Sheikh Abdur Raheem Ali comments on Mechanisms of Introspective Awareness

Sheikh Abdur Raheem Ali 25 Apr 2026 5:01 UTC
1 point
0
I see, thank you for sharing these details, it helps clarify your original comment. I’m not certain I follow how it links to this piece, or the related work that you cite. I read that Anthropic post when it was released and worked on some follow up experiments whose results I never properly wrote up, so you may assume I have some familiarity with it, but I don’t have a thorough understanding— and I’m still working through the paper linked to this post as well, so feel free to quote specific sections I might have missed that make the bridge clearer.

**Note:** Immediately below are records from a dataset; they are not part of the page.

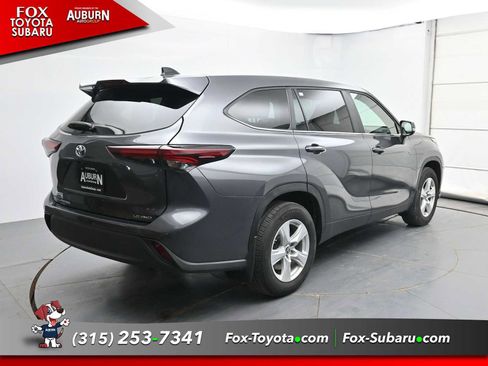 Used 2024 Toyota Highlander LE AWD/4WD image 15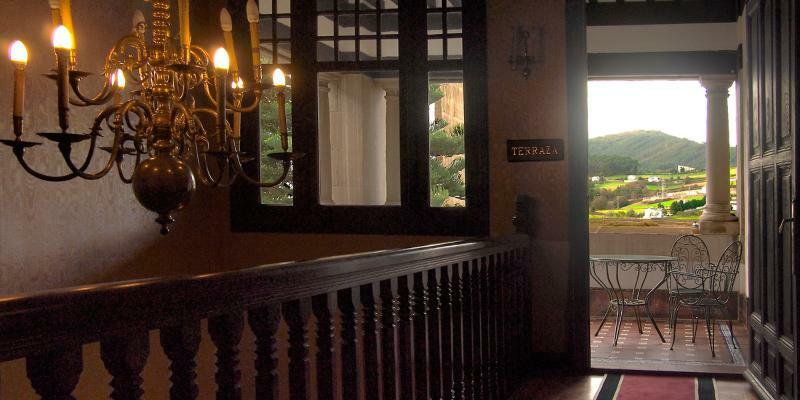 Hotel Y Apartamentos Arias นาเวีย ภายนอก รูปภาพ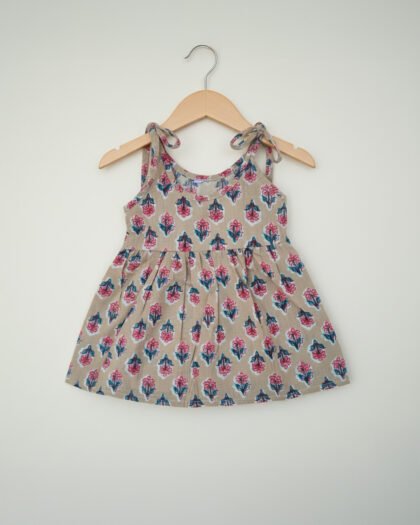 🌼 MIAAME BULOO – Beige Blossom Newborn Cotton Frock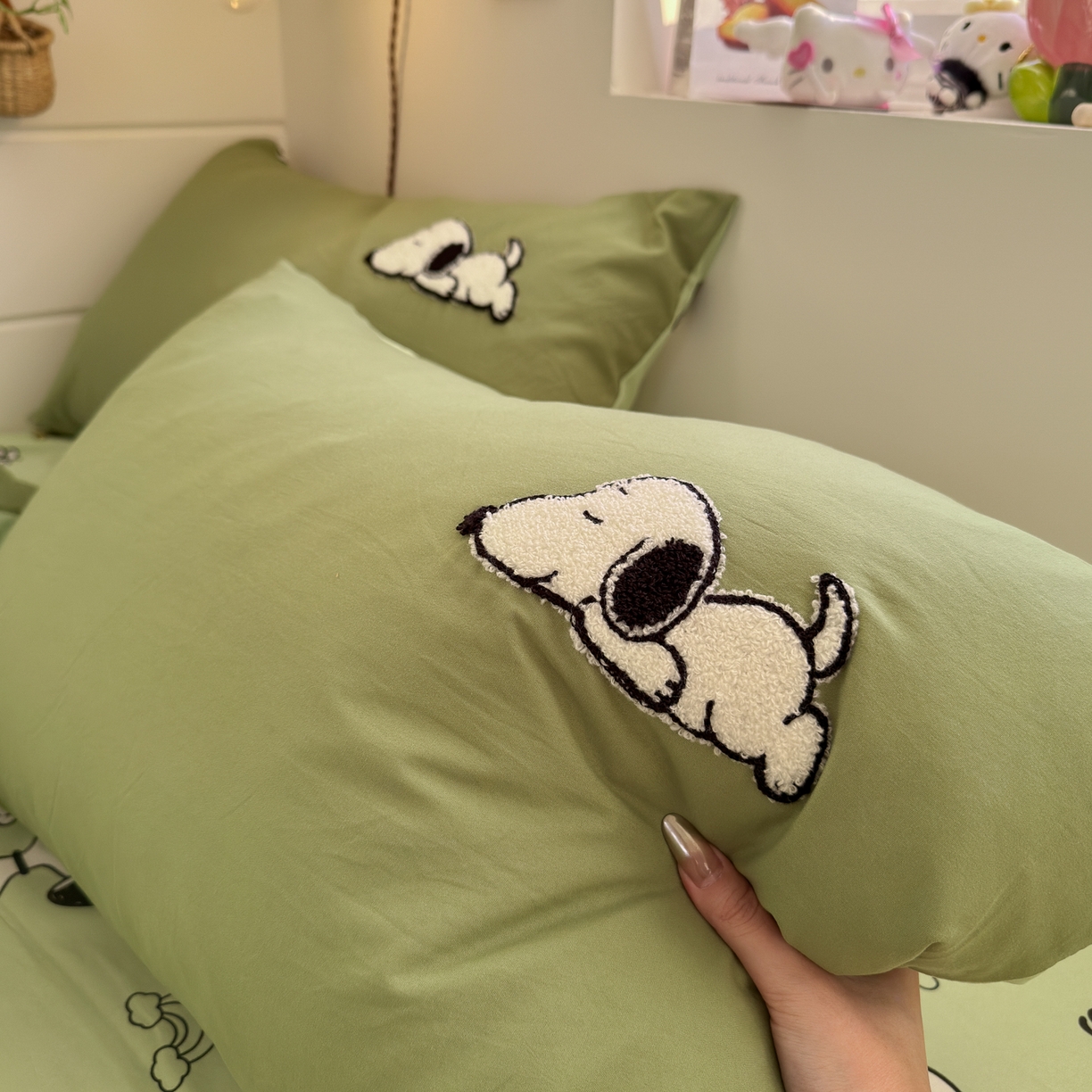 91家纺网 家纺一手货源 找家纺 优卡迪家纺馆 2026新款水洗棉印加绣四件套 花生布丁狗-茶绿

From memory I recall there is a section on optical illusions where certain tokens common in code, such as @@, can fool the model. But it is a known fact that minor differences in punctuation can lead to an entirely different tokenization of the input sequence, and affect task performance in surprising ways. The llama 3 tokenizer is particularly cursed (see https://github.com/belladoreai/llama3-tokenizer-js/blob/master/src/llama3-tokenizer.js), but this has been true for LLMs since gpt2 or even earlier, with some caveats that more capable models tend to treat semantically equivalent sequences in more consistent ways (I don’t have a citation on hand for this).
However, the change you describe (swapping an ellipsis for a question mark) does change the meaning of a sentence in a way that appending a newline or prepending a bos token wouldn’t, so I think that it is expected behavior for a model to pick up on the break in the pattern on that turn (and for this to be detectable using white box methods). How does this relate to the weak evidence carrier features in the introspection circuit, or to the boundary detector heads and the twisting of the characters remaining/line position manifold from the linebreaks paper?
- flatstats 26 Apr 2026 19:56 UTC
  1 point
  0
  Parent
  Okay yeah I agree punctuation matters semantically and that some model behavior is expected. The reason I don’t think it’s strictly that is, in at least one of my project’s runs, the visible response at turn index 10 did not change at all, while the internal attention/geometry deltas still spiked. The behavioral difference only surfaced at turn index 11. So this would mean surface level equivalent completions can still carry state divergence forward.
  This is why I am comparing it to “When Models Manipulate Manifolds” paper, its not that question marks or ellipsis are exactly like newlines in content, its because both are structural markers that can trigger internal state updates. This particular paper gives a mechanistic example where heads route boundary information through geometry.
  And how it connects to “Mechanisms of Introspective Awareness” is that their evidence carriers/gates show how weak distributed internal signals can be present before or apart from straightforward output behavior.
  So it makes me think of these heads being possible candidate upstream routers rather than the final detector. Their detection mechanism is mostly localized to distributed mid-to-late MLP computation, with weak evidence carriers and gate features. If punctuation and discourse transitions consistently recruit the same mid-to-late attention families, those heads may function as stable upstream routers for structural state information. Their outputs could then feed into later MLP features that integrate weak signals into reportable evidence.